START RECORDS TO PROCESS
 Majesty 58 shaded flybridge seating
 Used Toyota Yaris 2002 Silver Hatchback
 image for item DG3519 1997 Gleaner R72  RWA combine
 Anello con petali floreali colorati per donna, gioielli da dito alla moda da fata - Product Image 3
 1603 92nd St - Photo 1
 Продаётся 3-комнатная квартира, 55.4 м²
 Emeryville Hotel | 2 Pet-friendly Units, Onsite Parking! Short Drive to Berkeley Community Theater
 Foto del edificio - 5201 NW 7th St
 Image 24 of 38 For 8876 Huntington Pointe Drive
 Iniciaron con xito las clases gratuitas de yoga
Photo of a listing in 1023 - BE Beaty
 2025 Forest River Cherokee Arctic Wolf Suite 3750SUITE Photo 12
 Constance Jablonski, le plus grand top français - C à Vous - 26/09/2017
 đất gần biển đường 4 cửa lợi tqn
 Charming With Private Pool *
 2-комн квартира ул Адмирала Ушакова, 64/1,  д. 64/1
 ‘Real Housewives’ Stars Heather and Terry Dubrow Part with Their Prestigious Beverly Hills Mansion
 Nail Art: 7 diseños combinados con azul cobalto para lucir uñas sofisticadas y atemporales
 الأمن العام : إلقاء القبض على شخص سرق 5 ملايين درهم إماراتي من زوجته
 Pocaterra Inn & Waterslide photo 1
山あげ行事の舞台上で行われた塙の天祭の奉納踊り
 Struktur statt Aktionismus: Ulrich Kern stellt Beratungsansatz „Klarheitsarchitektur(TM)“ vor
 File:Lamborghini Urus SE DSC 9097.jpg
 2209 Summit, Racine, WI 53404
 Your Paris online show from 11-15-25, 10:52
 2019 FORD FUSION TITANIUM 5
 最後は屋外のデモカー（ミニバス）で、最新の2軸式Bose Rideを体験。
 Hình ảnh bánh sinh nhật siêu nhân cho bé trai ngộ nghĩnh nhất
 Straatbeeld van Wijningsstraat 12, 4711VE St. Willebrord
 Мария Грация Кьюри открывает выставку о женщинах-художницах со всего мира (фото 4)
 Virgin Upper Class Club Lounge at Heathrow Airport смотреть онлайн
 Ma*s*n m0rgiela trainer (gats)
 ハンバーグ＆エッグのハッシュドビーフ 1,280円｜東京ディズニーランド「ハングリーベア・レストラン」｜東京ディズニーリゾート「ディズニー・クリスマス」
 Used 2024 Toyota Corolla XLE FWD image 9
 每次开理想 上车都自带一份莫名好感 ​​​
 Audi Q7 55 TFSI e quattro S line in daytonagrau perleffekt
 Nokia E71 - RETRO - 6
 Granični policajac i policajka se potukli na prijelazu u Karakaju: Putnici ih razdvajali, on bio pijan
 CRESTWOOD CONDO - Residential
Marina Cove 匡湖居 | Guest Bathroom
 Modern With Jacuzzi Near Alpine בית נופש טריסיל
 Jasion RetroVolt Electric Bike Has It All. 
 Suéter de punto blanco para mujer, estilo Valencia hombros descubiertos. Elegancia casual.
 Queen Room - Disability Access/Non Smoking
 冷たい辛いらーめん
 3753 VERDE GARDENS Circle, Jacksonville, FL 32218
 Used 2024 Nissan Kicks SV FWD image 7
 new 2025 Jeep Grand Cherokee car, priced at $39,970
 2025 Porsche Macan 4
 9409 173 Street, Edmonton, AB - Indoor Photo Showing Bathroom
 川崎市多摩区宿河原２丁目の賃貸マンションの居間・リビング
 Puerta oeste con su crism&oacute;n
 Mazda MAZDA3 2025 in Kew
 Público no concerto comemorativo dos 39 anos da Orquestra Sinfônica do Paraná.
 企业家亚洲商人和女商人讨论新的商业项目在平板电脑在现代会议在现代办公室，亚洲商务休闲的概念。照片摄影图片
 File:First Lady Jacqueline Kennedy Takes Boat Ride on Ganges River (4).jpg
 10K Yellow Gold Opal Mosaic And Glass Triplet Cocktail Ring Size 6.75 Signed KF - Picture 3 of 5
END RECORDS TO PROCESS
* AIM OF THE EXERCISE: Look for the word "Drive" in the data, then return every line that contains it.

* SOLUTION:
 Emeryville Hotel | 2 Pet-friendly Units, Onsite Parking! Short Drive to Berkeley Community Theater
 Image 24 of 38 For 8876 Huntington Pointe Drive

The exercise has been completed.